# Rooter is easy



## Plumber (Jan 18, 2009)

Sunday calls from old commercial customers shouldn't happen to me.


----------



## OpenSights (Mar 23, 2015)

I had that happen to me at a seafood chain (to top it off it was our first time there). I've come up into toilets a number of times and know what it feels like, but the one time my cable broke the trap it happened in a split second.


----------



## Redwood (Sep 8, 2008)

Back to back got the best of ya eh?


----------



## Roto-Rooter (Jan 31, 2015)

Plumber,

Have you got a tail piece ahead of your blades. That is what the picture looks like. I have never used a set up like that as I figured the blades could not get to the roots and cut good???? Roto-Rooter makes them just never have used that.


----------



## Redwood (Sep 8, 2008)

Roto-Rooter said:


> Plumber,
> 
> Have you got a tail piece ahead of your blades. That is what the picture looks like. I have never used a set up like that as I figured the blades could not get to the roots and cut good???? Roto-Rooter makes them just never have used that.


I use one like that on almost every job and very seldom have it hold the blade back from getting to the roots...


----------



## Tommy plumber (Feb 19, 2010)

So who pays for the broken commode?

Scenario#1: "Configuration of the drainage piping is incorrect and not up to code, that's why the cable came up and broke the porcelain. Now I have to charge you to replace the toilet. That'll be extra."

Scenario#2: "Oops. Sorry. No charge for any of the work today since it is all my fault."

So, which was it?


----------



## Plumber (Jan 18, 2009)

Roto-Rooter said:


> Plumber,
> 
> Have you got a tail piece ahead of your blades. That is what the picture looks like. I have never used a set up like that as I figured the blades could not get to the roots and cut good???? Roto-Rooter makes them just never have used that.


When I'm going through the closet bend I will use it. This drain line is totally wacked. I had a hard time getting a 3/8 cable through. It was a back to back thing with 2 stores involved and about 20 women using 2 toilets.



Tommy plumber said:


> So who pays for the broken commode?
> 
> Scenario#1: "Configuration of the drainage piping is incorrect and not up to code, that's why the cable came up and broke the porcelain. Now I have to charge you to replace the toilet. That'll be extra."


It was a Sunday and I was way out of my service area. I only went there because it was a Facilities Management company that we did work for every month here in town and she begged me. I did not want to fight the city traffic on a week day so I let it go.



Tommy plumber said:


> Scenario#2: "Oops. Sorry. No charge for any of the work today since it is all my fault."
> 
> So, which was it?


The same Facilities Company tried to make me pay for it today and I told them to go to hell. She said they won't pay me now. How am I responsible for reversed fittings in slab? 
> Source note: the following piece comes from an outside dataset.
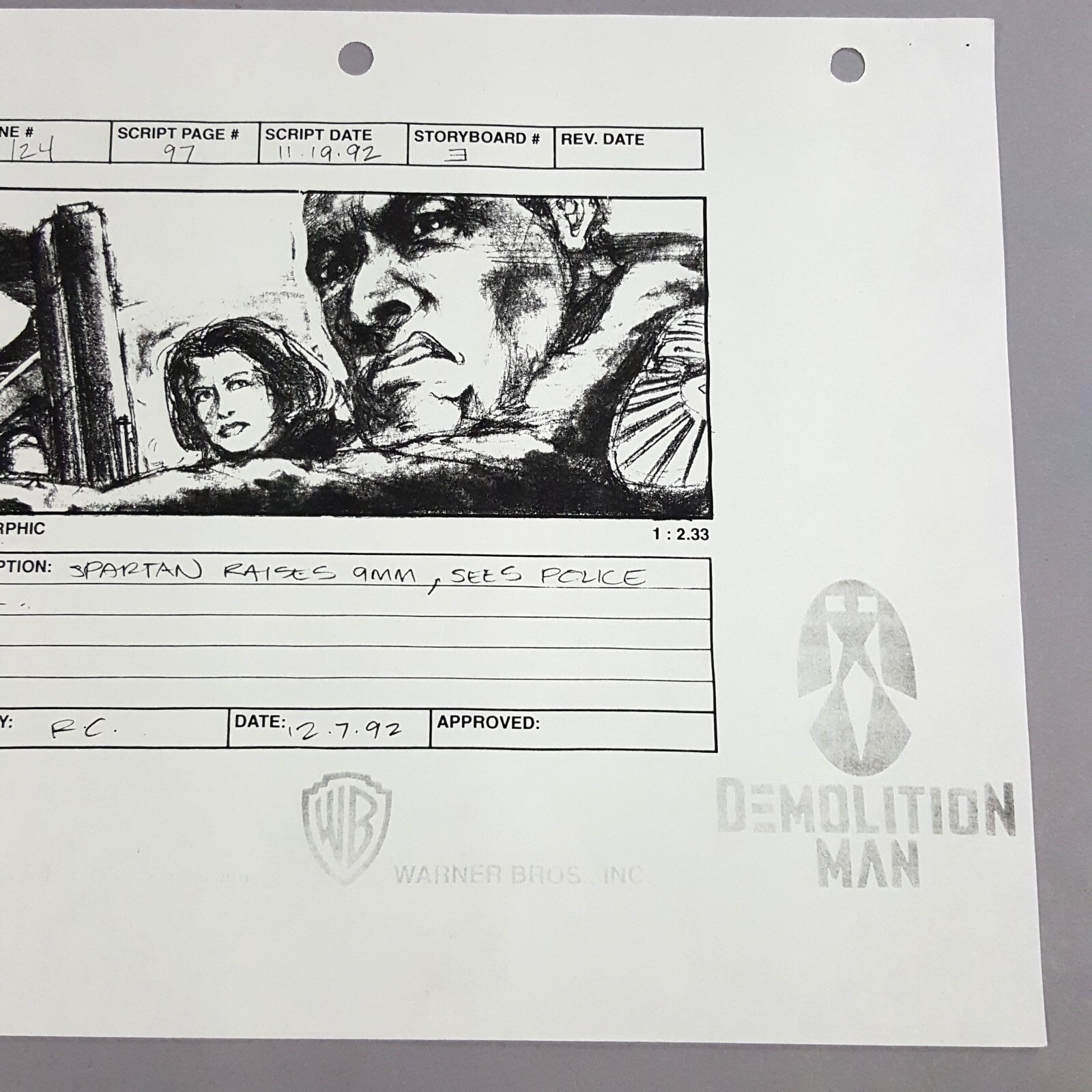Image 6 of DEMOLITION MAN - Production Used Storyboard, Spartan and Lenina, COA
I've already contacted the store's district manager about the threat of no payment, which in any state is grounds for a whole bunch of problems.

I don't care if I lost the account. The chain is weeks away from delisting on NYSE. Those accounts are a dime a dozen and slooow pay. 

Still, a restless night, fer sure.


----------



## OpenSights (Mar 23, 2015)

Redwood said:


> Back to back got the best of ya eh?


Actually no. Mens' room, no cleanout. Womens room was not BTB and not effected. Pulled the ADHD stool, came up two stools down...:blink:


----------



## OpenSights (Mar 23, 2015)

Tommy plumber said:


> So who pays for the broken commode?
> 
> Scenario#1: "Configuration of the drainage piping is incorrect and not up to code, that's why the cable came up and broke the porcelain. Now I have to charge you to replace the toilet. That'll be extra."
> 
> ...


In my case, it was a worthwhile new customer and we replaced the stool at no charge. Worked out good for us... but we did video the line later on to find a backwards wye. Made a note of it for future reference.


----------



## Tommy plumber (Feb 19, 2010)

OpenSights said:


> In my case, it was a worthwhile new customer and we replaced the stool at no charge. Worked out good for us... but we did video the line later on to find a backwards wye. Made a note of it for future reference.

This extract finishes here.